I eventually checked out the leaders code and ran it myself, but removed their carefully selected random seeds, and found that the supposed leading solutions often failed to converge at all without their magically selected random seed.

I left the experience believing deep RL is still very unreliable.

I will contrast with my anecdote.. I build a simulation of 10x10 cityblocks with a population of 30 pedestrians.. I made a reward function based on distance to a random "target point" with penalty for walking in the street vs sidewalk.. and penalty for walking into walls.. the inputs were a 360 degree raycast of 16 samples.. and "distance to target" and the outputs were awsd keyboard inputs. I left it running overnight and by morning, bots were pretty efficiently walking around the city to their random targets via sidewalks. It felt like magic. I could have coded the behavior directly but the learned version seemed somewhat noisier and more organic. This was done a couple years ago using the a JavaScript deepq learning library. It feels like a squishier version of a-star or something.

The raycast probably disambiguated the state pretty well, such that it essentially had to memorize a few hundred actions, so that it did end up basically doing a sort of asynchronous distributed Dijkstra's algorithm.

You may be interested in our new Behaviour Suite for Reinforcement Learning project at https://github.com/deepmind/bsuite.

This is an attempt at defining a set of minimal but meaningful benchmark RL experiments. In each experiment, we typically evaluate over a range of environment parameters and compute an aggregate score. See https://arxiv.org/abs/1908.03568 for more details.

We also include a simple starter RL codebase, and examples of evaluating agents defined in other RL frameworks.

I am interested, thanks.

actually the seed is also a hyper-parameter

Uuuuummmm, I strongly disagree.

Is that a joke? Is that a hyper parameter!? I can’t google things on my phone, it takes too long!

I tried 50000 different random seeds, and my algo only works when the seed is 32451 :)

I'm always amazed how much attention supervised learning algorithms get when Q-learning is often better suited for real-world problems that go beyond just classifying things, works closer to how humans actually learn, and is much easier to implement (requires way less code and no training data). I wonder how much of this disparity is because big companies like Google and FB who hold all the training data benefit from only talking about ML techniques that nobody can compete with them on.

At Hiome (hiome.com), we use Q-learning to learn people's habits and automatically program their smart home, and it's insanely effective. Since there's no training data required, we don't even have to violate our users' privacy to aggregate their data, so everything stays local in their home.

I believe similar techniques will get us closer to true AGI than neural nets.

It's not used a lot in ambiguous tasks like image recognition and audio because you would need to have a state for every single possible wave form or image variation. You would have to have a similarity preserving hash or some other related method to reduce related states to a single common state. That's why it's better to use them near the ends of DL networks. If you didn't do that, every image of the same apple with just one pixel different would be a new state.

Yup, totally agree that Q-learning is not the right tool for classification problems.
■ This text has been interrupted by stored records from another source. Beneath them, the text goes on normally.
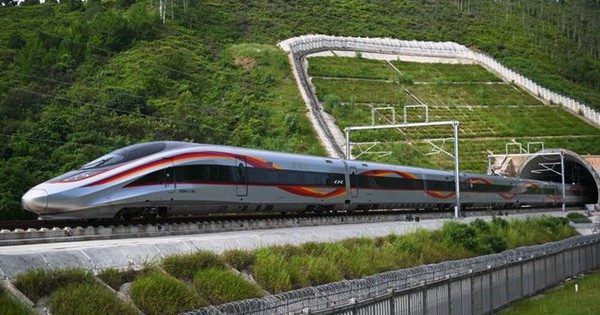 Chuyến tàu đi 120km hết 30 phút có giá vé tháng gần 9 triệu đồng: Khách được dùng tối đa bao nhiêu lượt?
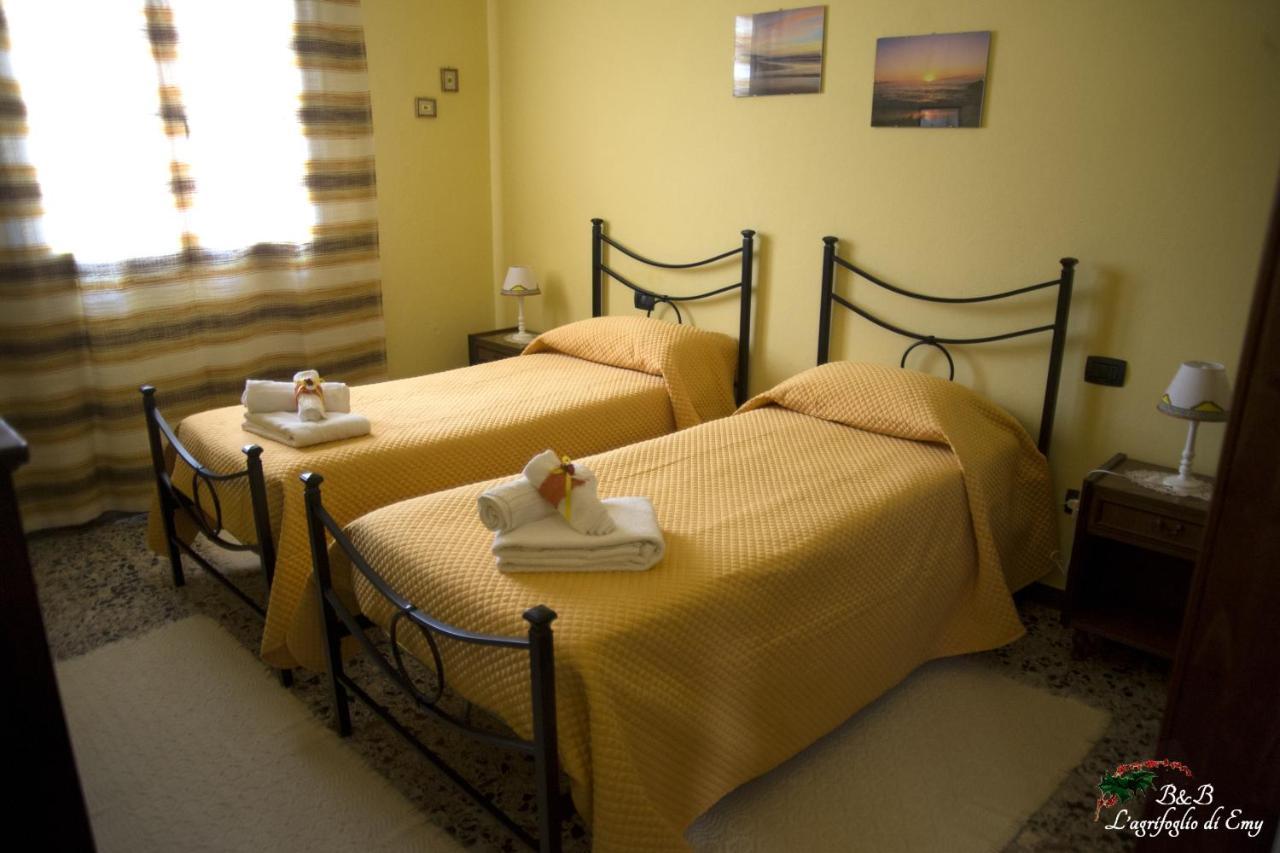 L'Agrifoglio Di Emy Bed & Breakfast Guspini Ngoại thất bức ảnh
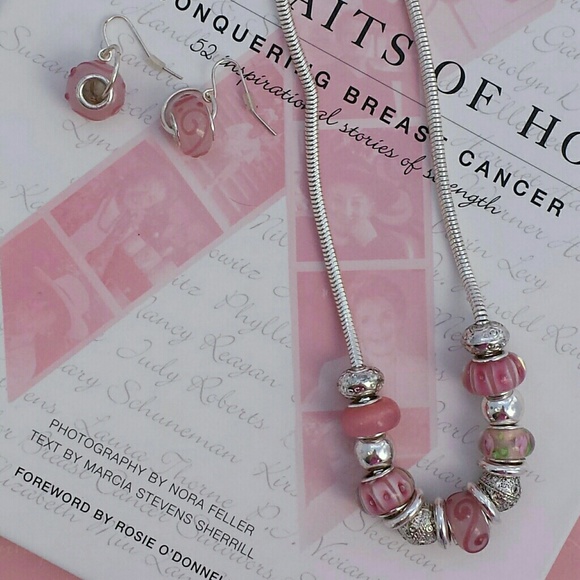{HP} 🎀United by PINK🎀 Pink Bead Necklace Set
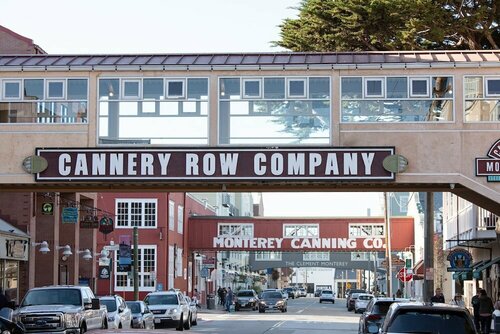 Гостиница Holiday Inn Express Monterey-Cannery Row, an Ihg Hotel в Монтерее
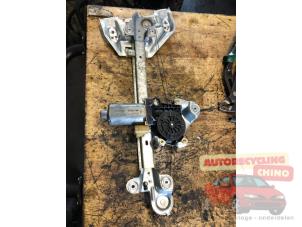 Begagnade Fönstermekanism för bakre dörr, 4-dörrars, vänster Cadillac Seville (K-body) 4.6 STS/North Star V8 32V Pris € 70,00 Marginaltabell erbjuds av Autorecycling Chino B.V.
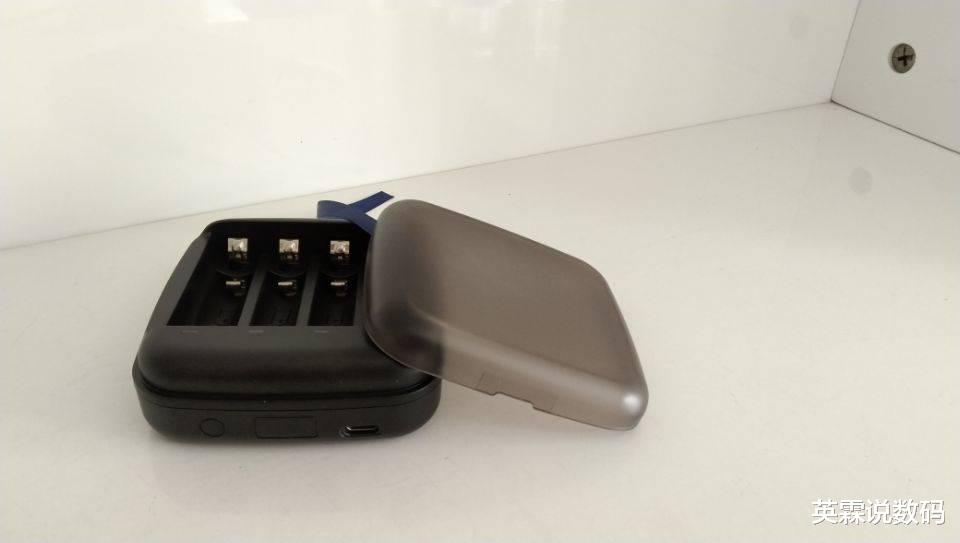 电池|熊孩子玩具电池不怕没电了！XTAR ET4S充电器之体验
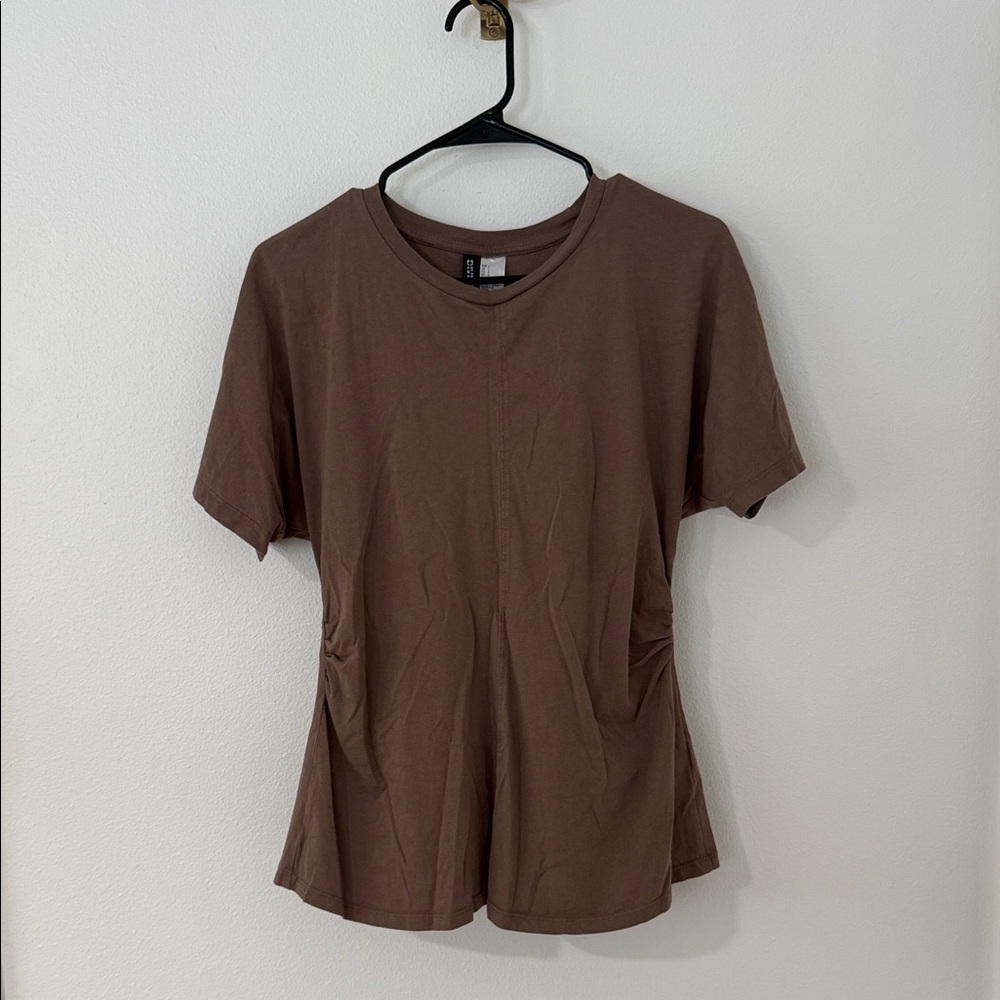 H&M Brown Short Sleeve Crewneck Tee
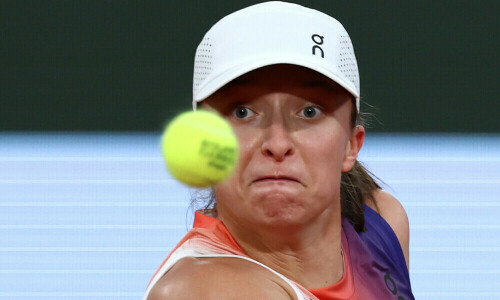 Big guns Swiatek and Osaka meet in early French Open showdown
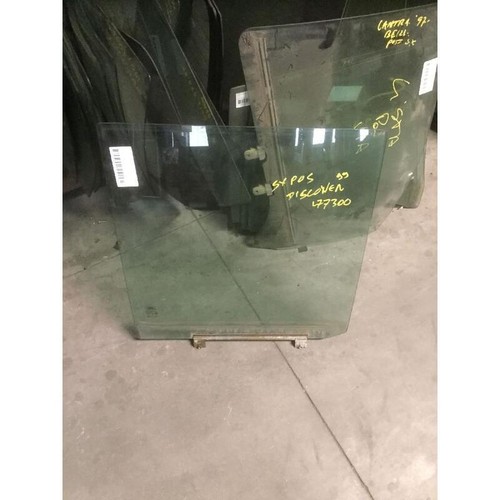 Rear window land rover - rear,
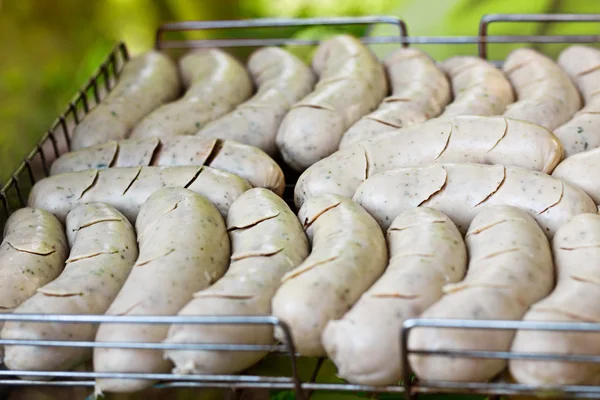 Баварські білі ковбаски на грилі — стокове фото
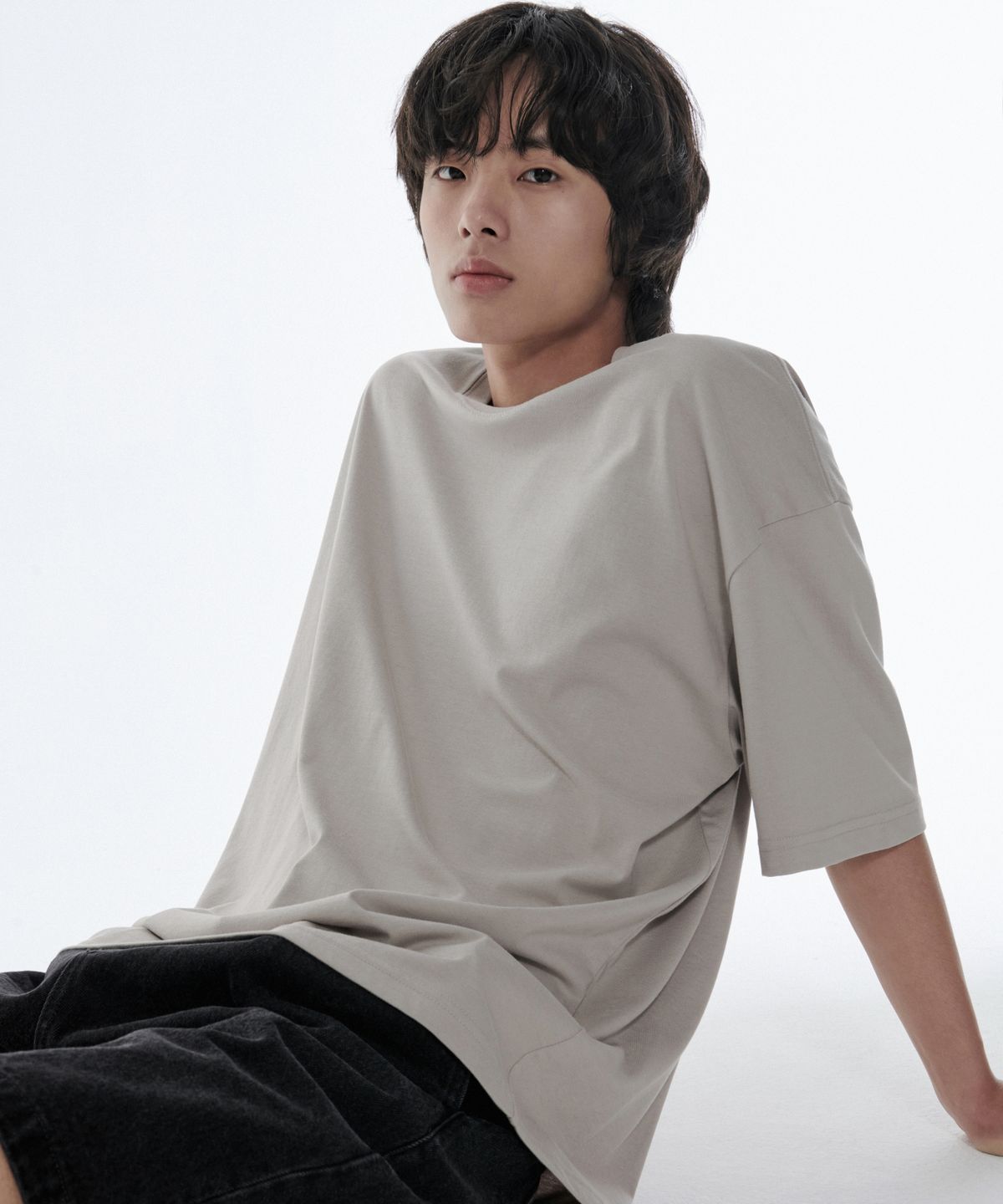 무신사 스탠다드(MUSINSA STANDARD) [쿨탠다드] 오버사이즈 크루 넥 티셔츠 [머쉬룸]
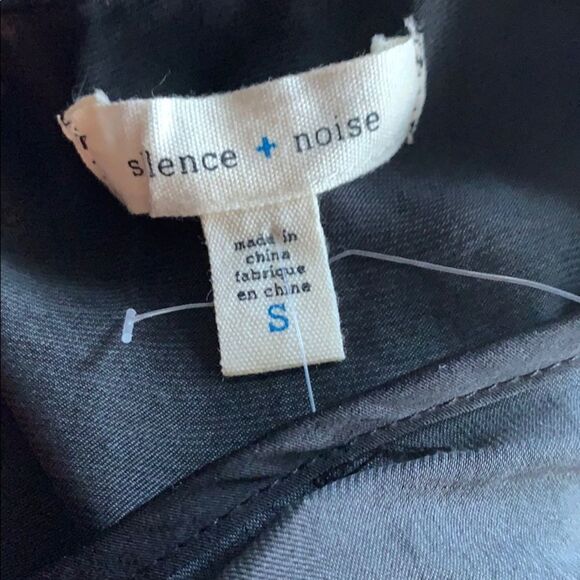 Silence+Noise black/gray color block wrap tie top - Picture 7 of 7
However, it is great for an agent that needs to act on its world where it can quickly get a reward/punishment for its choice (assuming a relatively limited pool of possible actions).

And of course, there's no such thing as the single perfect algorithm. My point is just that I'm surprised Q-learning isn't talked about more.

Can you name two real world problems with practical applications that fit all the criteria? I.e. where (1) an agent needs to act on its world but it would be okay for it to spend many tries exploring and failing; (2) it will be able to quickly and cheaply (i.e. without 24/7 human supervision) get a reward/punishment for its choice, and (3) the set of world states and possible actions is sufficiently small so that Q-learning is tractable?

IMHO Q-learning isn't talked about because it really is not a good fit for the kind of problems people actually want to solve.

What behavior does Hiome 'learn' with Q-learning? From your site it's not obvious what actions on the world would be implied where you can actually get some feedback/reward/punish depending on whether these actions were desired by the smart home inhabitants; and the behavior that your page does show - occupancy sensing - is essentially a classification problem.

Well I don't know about q learning being talked about more but unsupervised reinforcement learning definitely needs more attention in general.

I guess you don't necessarily need data, but if you don't have data than you'd need a simulator, and we'd don't have simulators for most problems that we care about.

> works closer to how humans actually learn

This is a little dubious; humans learn by positive and negative experiences, but also by imparted doctrine. Neural networks and other supervised methods are certainly analogs to an aspect of human learning.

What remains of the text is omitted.